If the Russians did the things the CIA claims, getting even for what the Russians see as American attempts to influence politics and increase instability in former Soviet Union states was their primary purpose. The Russians are moving deeper into economic and social problems and as such will become increasingly vulnerable. By demonstrating very publicly that they could return the favor, they signaled the U.S. to back off. In this sense, the CIA report was precisely what the Russians were hoping for. They wanted their attempt to be detected, and they wanted to be seen interfering with the election, but their intent was not to help any candidate get elected. It was an added bonus to get rid of Clinton, whom they loathed, and to see Trump, who seemed more flexible, win the election.
The CIA has now completed what the Russians started. They set the stage for a particularly vicious and long-term confrontation between factions. The problem with the CIA report is that it is only assertions. Unfortunately, the CIA’s record is not sterling. It was wrong about weapons of mass destruction in Iraq. It failed to forecast the Sunni rising in Iraq or the Islamic State’s assault on Mosul. It failed to uncover the plans for 9/11 or to predict Saddam Hussein’s invasion of Kuwait. It also failed to forecast the Korean War and lots of things in between. The CIA simply doesn’t have the credibility to assert something this critical.
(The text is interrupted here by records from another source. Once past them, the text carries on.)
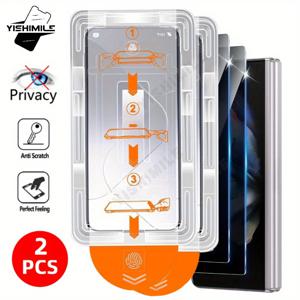 TEMU 삼성 갤럭시 Z 폴드 4, Z 폴드 5, Z 폴드 6, Z 폴드 7 시리즈 호환 9H 경도 프라이버시 강화 유리 액정 보호 필름 2매 - 기름 얼룩, 스크래치, 파손, 지문 방지, 기포 방지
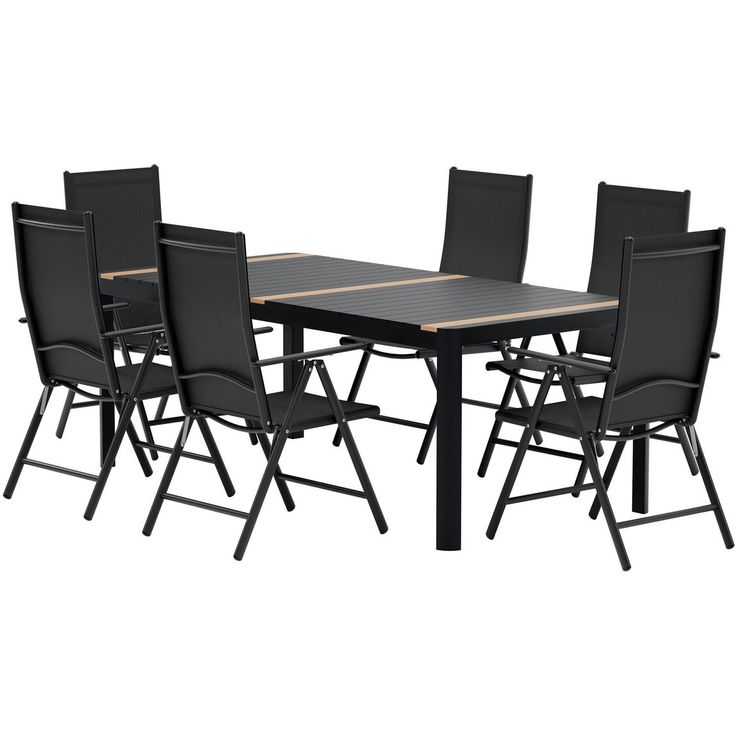 Ruokailuryhmä ulos Venture Home, musta Togo-pöytä 200x100cm + 6 mustaa Break-tuolia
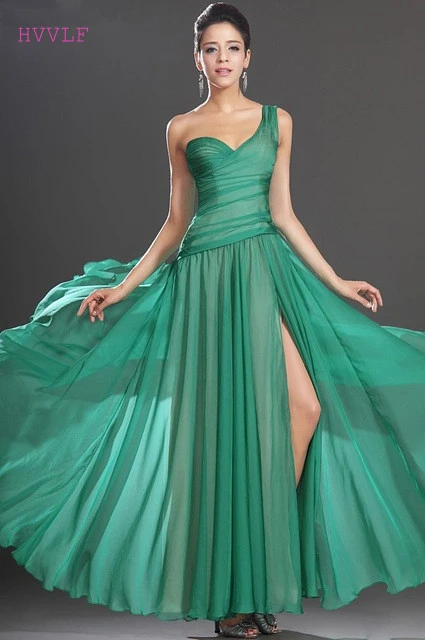 

Green Evening Dresses A-line One-shoulder Chiffon Slit Sexy Long Formal Party Evening Gown Prom Dresses Robe De Soiree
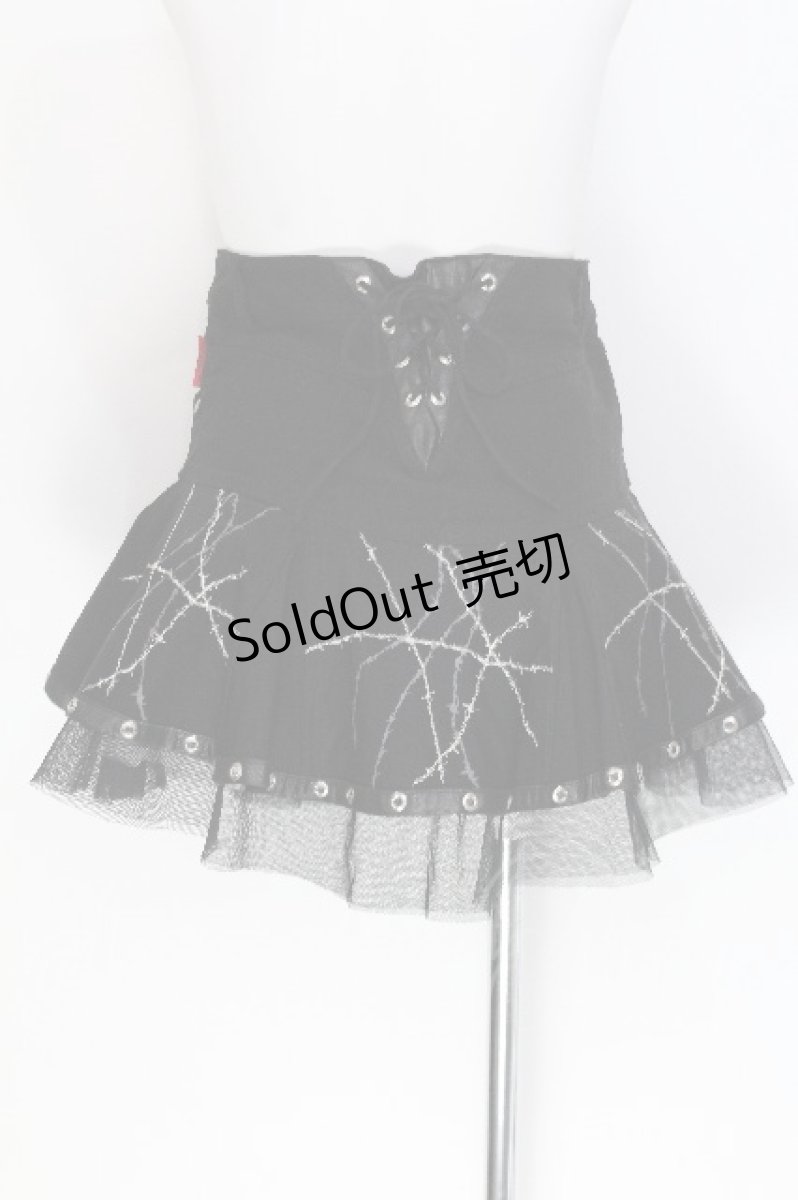 画像2: Ozz On / 有刺鉄線プリントスカート  黒 S-26-06-10-046-OO-SK-AS-ZS (2)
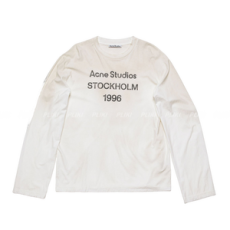 아크네 스튜디오 로고 티셔츠 릴렉스 핏 더스티 화이트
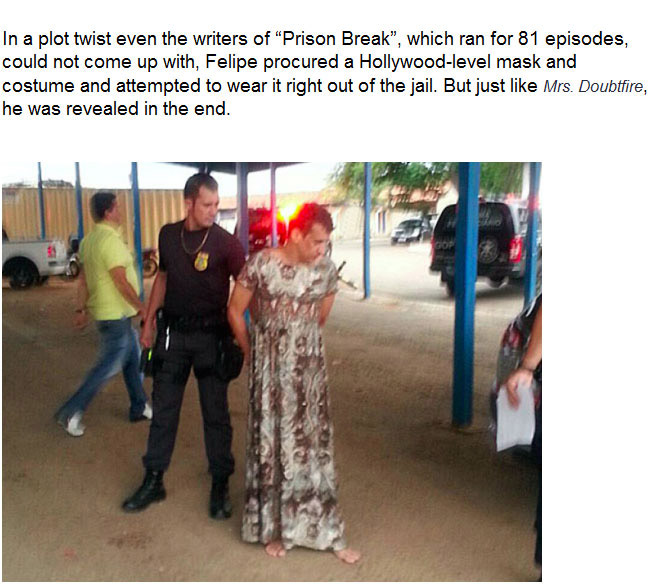 Drug Trafficker Disguises Himself As An Old Lady And Attempts A Prison Break (4 pics)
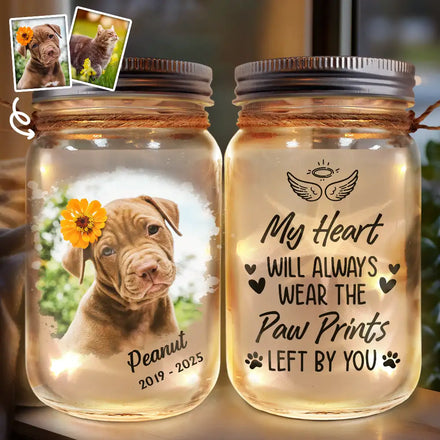Custom Photo Dog Cat Pet Memorial The Paw Prints Left By You - Personalized Mason Jar Light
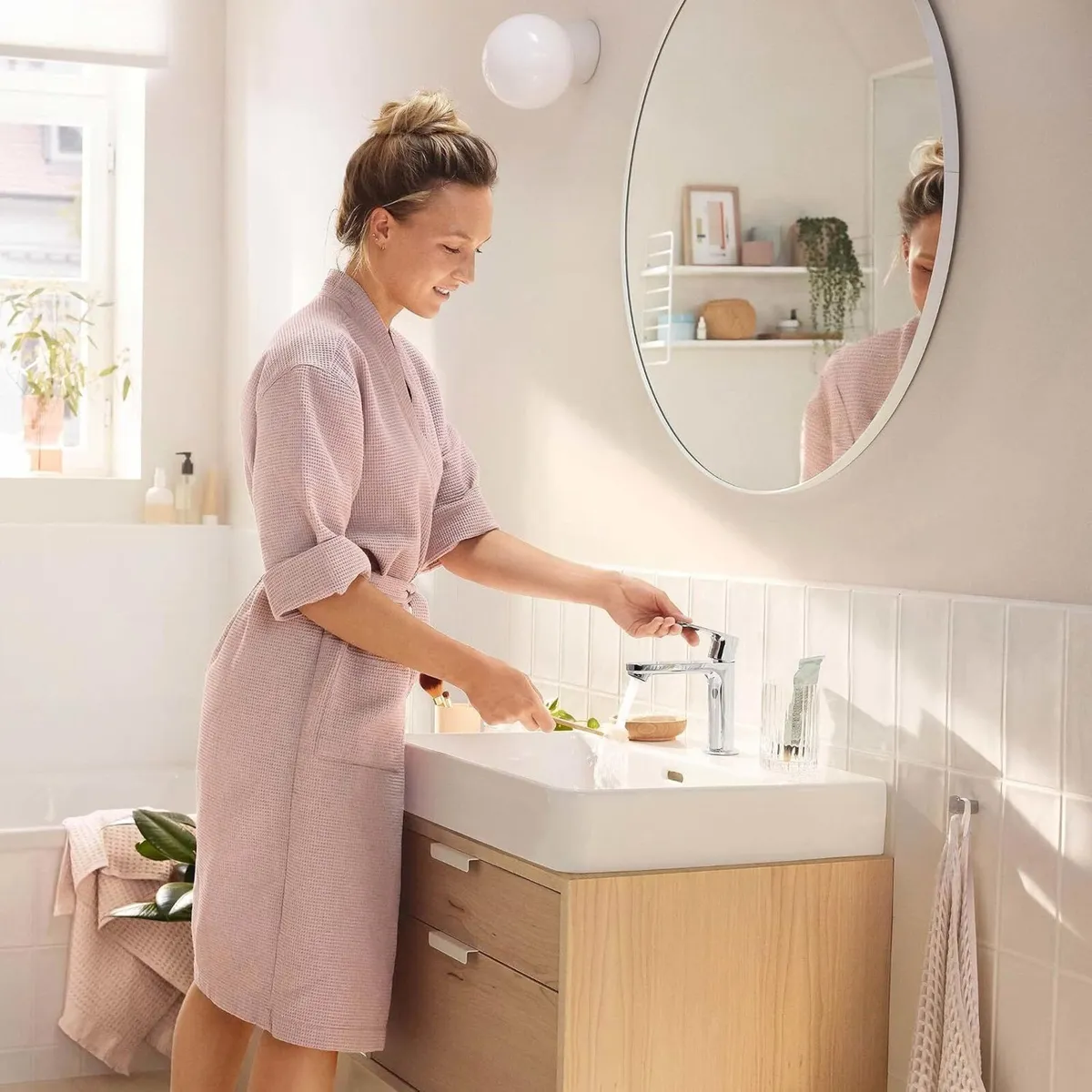 Rebris S Basin Mixer Tap 80 Energy-Saving Without - Image 2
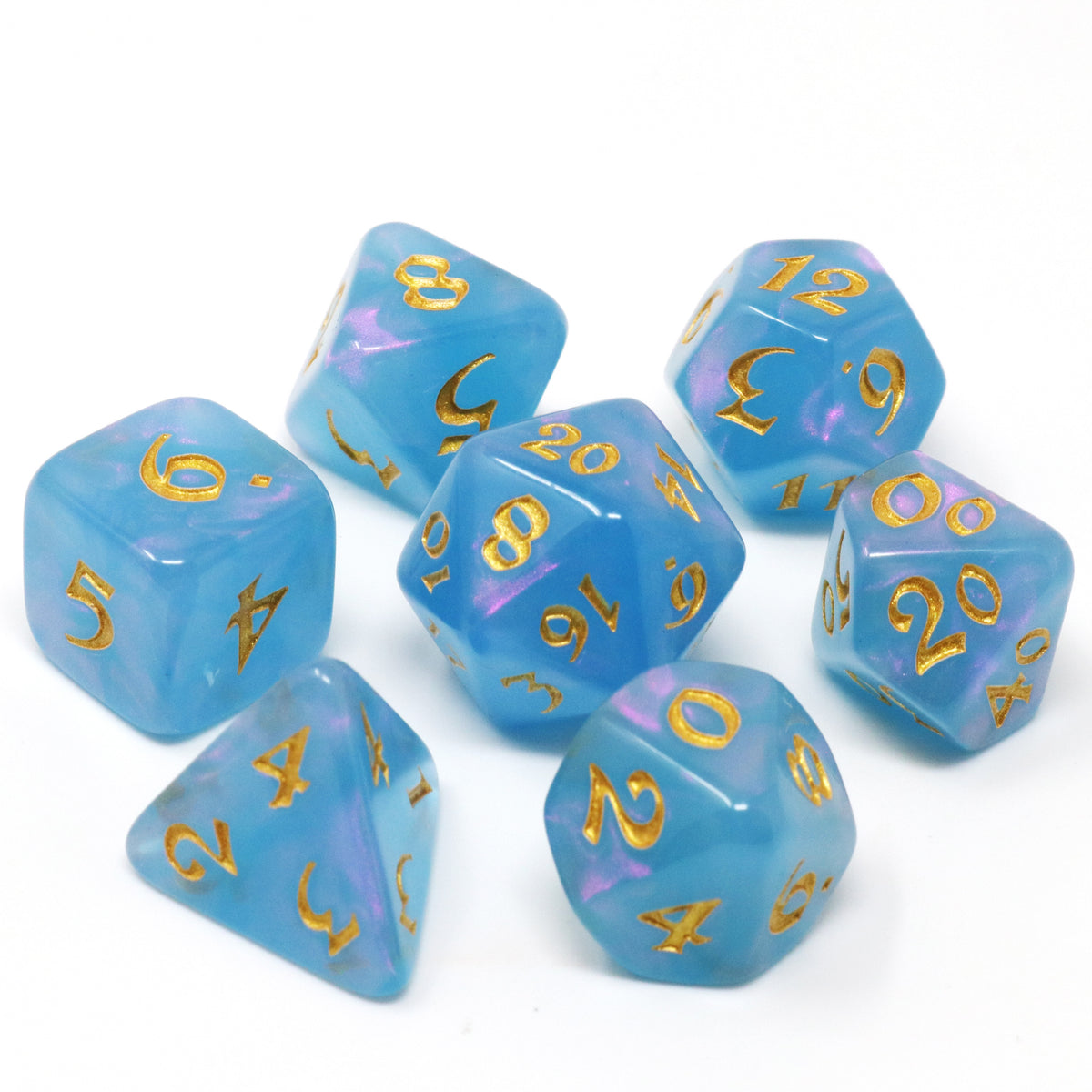 7pc RPG Set - Elessia Moonstone Rumara with Gold | D20 Games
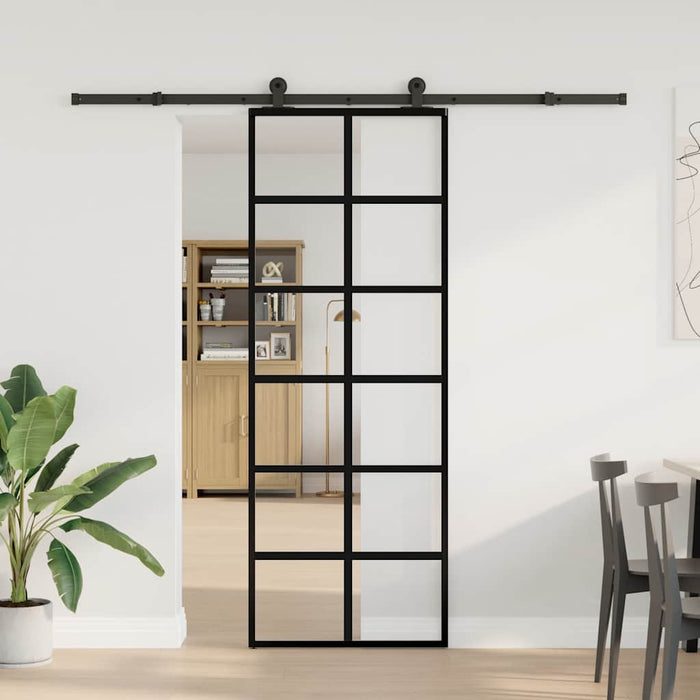 Ușă glisantă cu set feronerie, 76x205 cm, sticlă ESG/aluminiu - WALTI WALTI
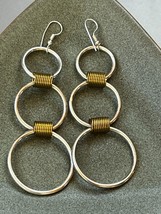 Long and Large Staggered Silvertone Tubular Open Circle w Goldtone Coils Dangle - £10.42 GBP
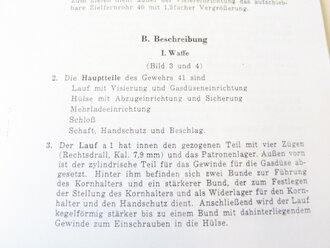 REPRODUKTION, D 191/1, Gewehr 41- Bechreibung, Handhabung und Behandlung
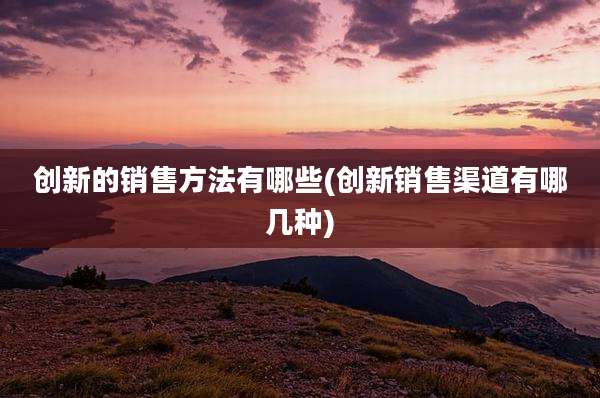 创新的销售方法有哪些(创新销售渠道有哪几种)
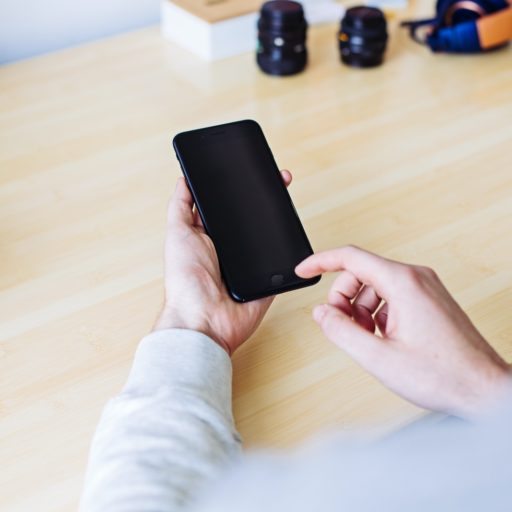 person holding smartphone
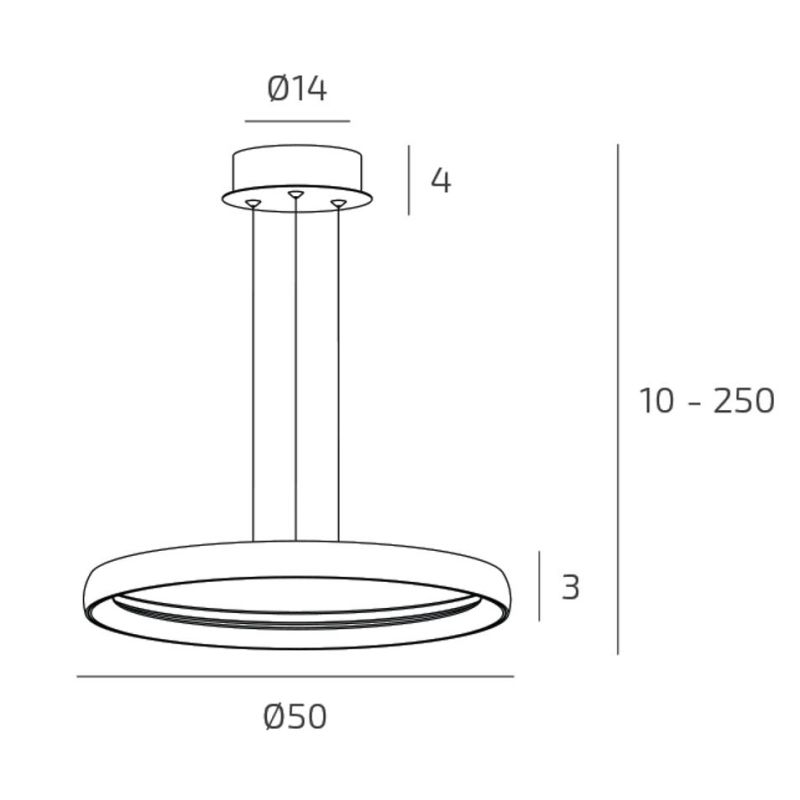 PLANA SOSPENSIONE CIRCOLARE D50 CM LED 25W LUCE CCT 3000K-3500K-4000K METALLO 3 COLORI MODERNA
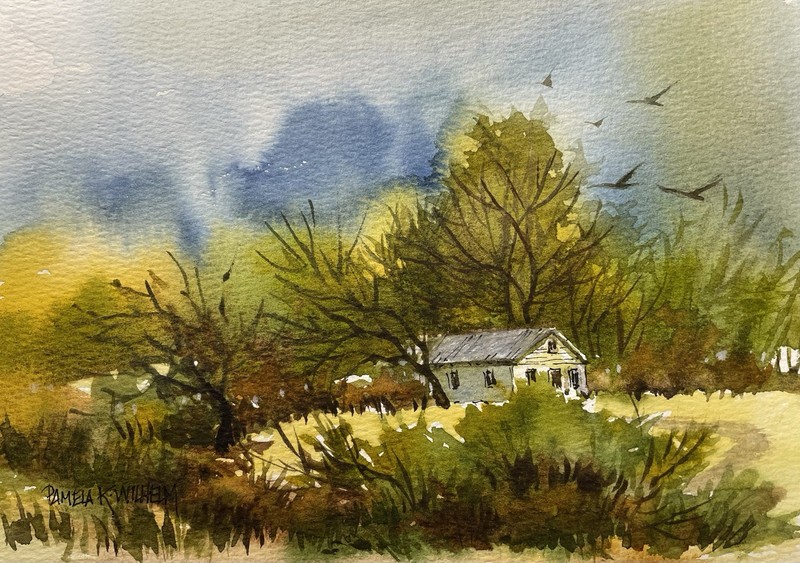 Pamela Wilhelm original 6”x8” Loose Watercolor big trees, White House landscape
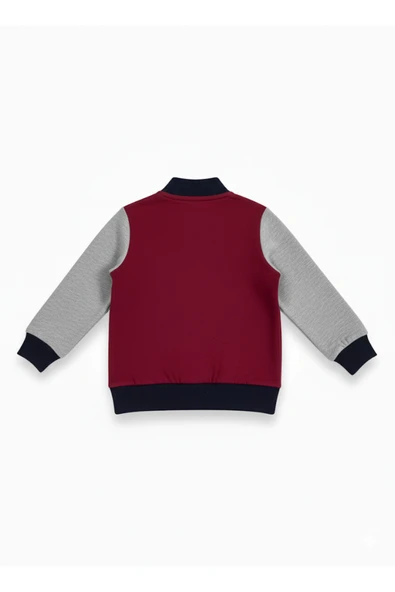Erkek Çocuk Fermuarlı Sweatshirt  Bordo - Resim 2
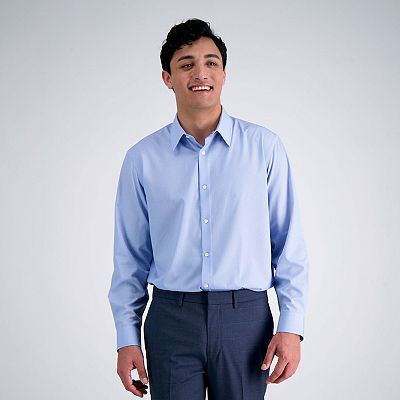 slim fit dress slacks Haggar Men's Smart Wash Slim Fit Dress Shirt, White, 14 32/33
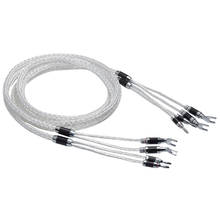 1 par de cables de altavoz Hifi OCC chapados en plata pura 8ag, Cable de altavoz de alta gama para amplificador y CD 2024 - compra barato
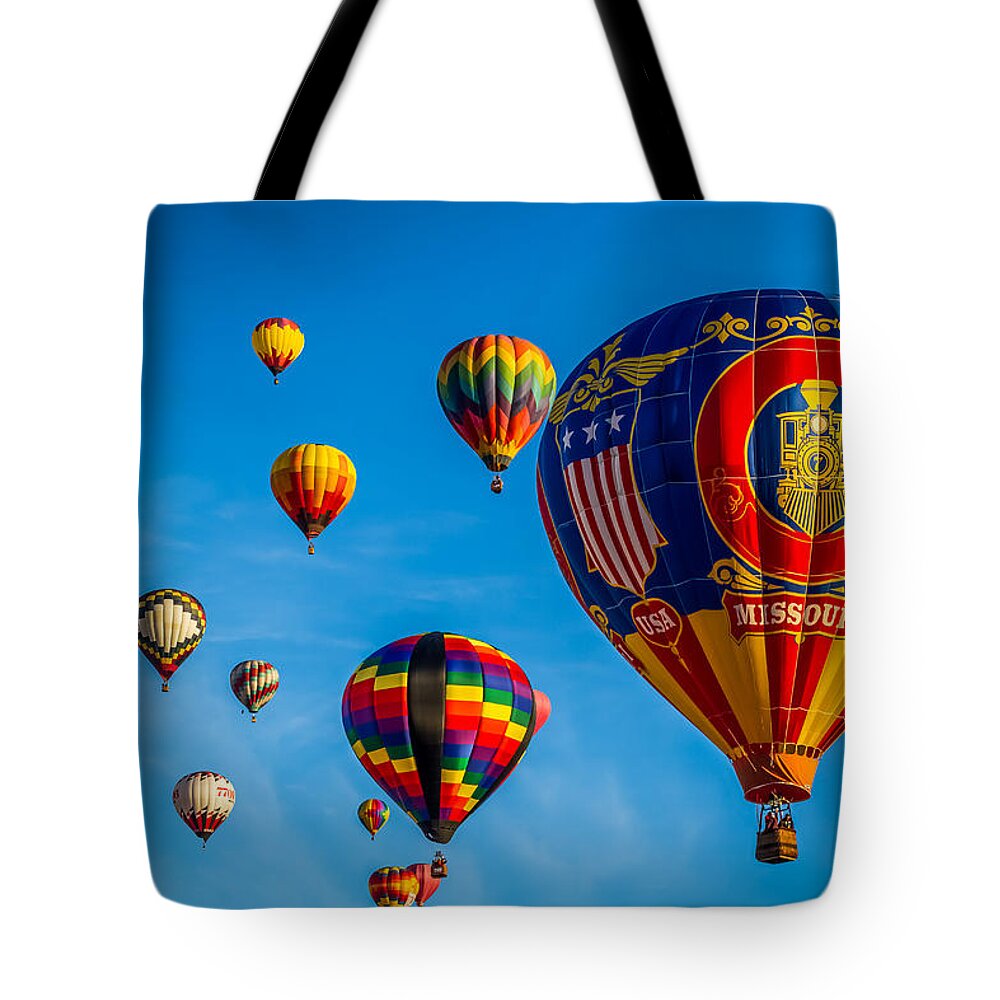 Albuquerque Tote Bag featuring the photograph Thundercloud - The Missouri Hot Air Balloon #1 by Ron Pate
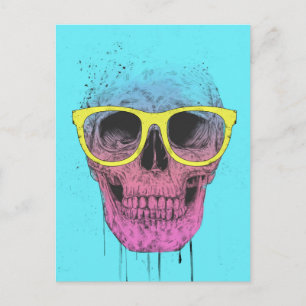 Carte Postale Pop art crâne avec lunettes
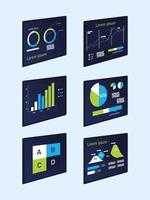 diagram infographics ikonuppsättning vektor design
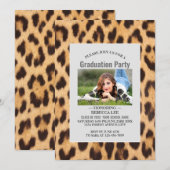 Girly Chic Leopard Print Afstudeerfeest Kaart (Voorkant / Achterkant)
Senators and congressmen who have been briefed on this all came away saying they were convinced about the CIA’s conclusions. If so, they were provided information that was not made public. I understand the CIA’s unwillingness to compromise sources and methods, but at times it has used this as a way to cover shoddy intelligence. The intended audience in this issue is not the president or secretary of defense. It is the American public. The American public, Trump supporters included, must be persuaded that the CIA report is neither political nor shoddy. The information it has shown to Congress – in addition to the report that was declassified last week – was provided knowing it will likely leak, so it is no longer assumed to be classified.
The concerns that flow from the report are legitimate. Were Trump and the Russians working together? Was this report an attempt by Obama and the CIA to cripple Trump? The CIA cannot simply issue assertions. It must provide evidence. If it doesn’t, then it is completing Putin’s work for him by turning a fairly clumsy and very public demonstration of what it feels like to have foreigners intervene in your politics into a significant destabilization of the American political system.
In a country racked with distrust of institutions, issuing this report without some proof that the report is true, both in what it says and what it doesn’t say, is problematic. What it doesn’t say was that Trump was involved, or that Obama ordered the CIA investigation for political reasons. Getting these issues clear is as important as finding out how the hacks happened.